Records shown:
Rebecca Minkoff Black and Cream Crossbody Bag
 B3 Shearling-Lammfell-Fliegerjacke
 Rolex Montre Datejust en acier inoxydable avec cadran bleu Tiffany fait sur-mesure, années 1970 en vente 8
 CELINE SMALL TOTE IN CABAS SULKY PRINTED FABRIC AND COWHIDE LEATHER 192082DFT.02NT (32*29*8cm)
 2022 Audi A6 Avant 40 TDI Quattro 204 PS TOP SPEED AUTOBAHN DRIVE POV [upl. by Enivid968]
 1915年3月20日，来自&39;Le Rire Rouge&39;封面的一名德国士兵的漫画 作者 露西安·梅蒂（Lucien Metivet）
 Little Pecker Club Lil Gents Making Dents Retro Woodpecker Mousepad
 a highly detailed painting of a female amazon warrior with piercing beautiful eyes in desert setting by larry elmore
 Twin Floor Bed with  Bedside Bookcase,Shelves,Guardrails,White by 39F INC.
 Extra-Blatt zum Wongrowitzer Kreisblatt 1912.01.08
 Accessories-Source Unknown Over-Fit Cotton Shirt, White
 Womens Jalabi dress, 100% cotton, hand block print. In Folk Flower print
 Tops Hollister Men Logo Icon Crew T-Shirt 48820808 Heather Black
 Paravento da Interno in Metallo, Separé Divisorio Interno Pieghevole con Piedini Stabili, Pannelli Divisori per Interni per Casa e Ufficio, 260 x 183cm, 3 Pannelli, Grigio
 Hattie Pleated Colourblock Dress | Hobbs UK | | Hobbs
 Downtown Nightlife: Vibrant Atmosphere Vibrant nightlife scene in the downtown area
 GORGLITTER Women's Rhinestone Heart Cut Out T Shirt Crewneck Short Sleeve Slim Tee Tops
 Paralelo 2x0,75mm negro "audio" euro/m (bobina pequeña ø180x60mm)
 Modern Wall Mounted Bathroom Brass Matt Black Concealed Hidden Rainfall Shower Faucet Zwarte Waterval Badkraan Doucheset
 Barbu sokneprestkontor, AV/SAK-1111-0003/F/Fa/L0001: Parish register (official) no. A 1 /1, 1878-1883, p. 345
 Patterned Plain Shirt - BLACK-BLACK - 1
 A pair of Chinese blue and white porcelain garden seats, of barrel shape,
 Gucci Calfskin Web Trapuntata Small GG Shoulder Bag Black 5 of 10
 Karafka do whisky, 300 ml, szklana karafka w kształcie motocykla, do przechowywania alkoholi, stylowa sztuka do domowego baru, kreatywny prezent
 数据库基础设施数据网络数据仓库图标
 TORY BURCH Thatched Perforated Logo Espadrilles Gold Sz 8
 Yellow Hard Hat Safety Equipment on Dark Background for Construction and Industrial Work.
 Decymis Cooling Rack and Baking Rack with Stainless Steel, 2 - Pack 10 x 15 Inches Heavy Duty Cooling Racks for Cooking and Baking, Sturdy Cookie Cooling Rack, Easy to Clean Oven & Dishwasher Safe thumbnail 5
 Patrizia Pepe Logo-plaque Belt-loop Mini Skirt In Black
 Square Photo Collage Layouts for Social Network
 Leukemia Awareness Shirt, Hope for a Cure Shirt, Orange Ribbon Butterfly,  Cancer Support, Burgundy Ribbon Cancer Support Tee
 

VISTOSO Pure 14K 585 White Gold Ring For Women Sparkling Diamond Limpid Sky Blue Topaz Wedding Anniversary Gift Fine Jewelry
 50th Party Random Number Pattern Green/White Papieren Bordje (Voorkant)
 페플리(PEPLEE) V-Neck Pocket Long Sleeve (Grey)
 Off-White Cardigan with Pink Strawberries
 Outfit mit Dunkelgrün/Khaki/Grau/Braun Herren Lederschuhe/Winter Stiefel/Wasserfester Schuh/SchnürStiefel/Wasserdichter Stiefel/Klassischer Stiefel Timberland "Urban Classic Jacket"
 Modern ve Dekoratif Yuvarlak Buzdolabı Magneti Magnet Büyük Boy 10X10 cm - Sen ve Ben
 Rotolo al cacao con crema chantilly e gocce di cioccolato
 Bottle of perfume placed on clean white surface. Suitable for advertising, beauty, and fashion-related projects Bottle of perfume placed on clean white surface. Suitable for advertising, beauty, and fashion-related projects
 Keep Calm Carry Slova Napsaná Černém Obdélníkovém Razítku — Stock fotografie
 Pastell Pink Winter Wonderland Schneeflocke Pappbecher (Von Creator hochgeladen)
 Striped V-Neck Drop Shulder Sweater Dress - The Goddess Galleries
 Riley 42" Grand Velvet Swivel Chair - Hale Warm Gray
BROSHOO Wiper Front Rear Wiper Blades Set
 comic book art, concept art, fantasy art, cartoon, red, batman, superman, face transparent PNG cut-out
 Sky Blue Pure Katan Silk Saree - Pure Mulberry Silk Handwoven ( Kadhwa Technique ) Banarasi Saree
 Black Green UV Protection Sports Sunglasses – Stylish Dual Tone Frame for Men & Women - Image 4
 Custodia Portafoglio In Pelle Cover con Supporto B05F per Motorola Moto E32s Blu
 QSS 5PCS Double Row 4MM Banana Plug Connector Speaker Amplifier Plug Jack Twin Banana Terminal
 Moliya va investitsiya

What you are asked to do: Only the lines from the first line of the records through the line containing "2022 Audi A6" should be repeated, exactly as they appear.

Answer to the problem:
Rebecca Minkoff Black and Cream Crossbody Bag
 B3 Shearling-Lammfell-Fliegerjacke
 Rolex Montre Datejust en acier inoxydable avec cadran bleu Tiffany fait sur-mesure, années 1970 en vente 8
 CELINE SMALL TOTE IN CABAS SULKY PRINTED FABRIC AND COWHIDE LEATHER 192082DFT.02NT (32*29*8cm)
 2022 Audi A6 Avant 40 TDI Quattro 204 PS TOP SPEED AUTOBAHN DRIVE POV [upl. by Enivid968]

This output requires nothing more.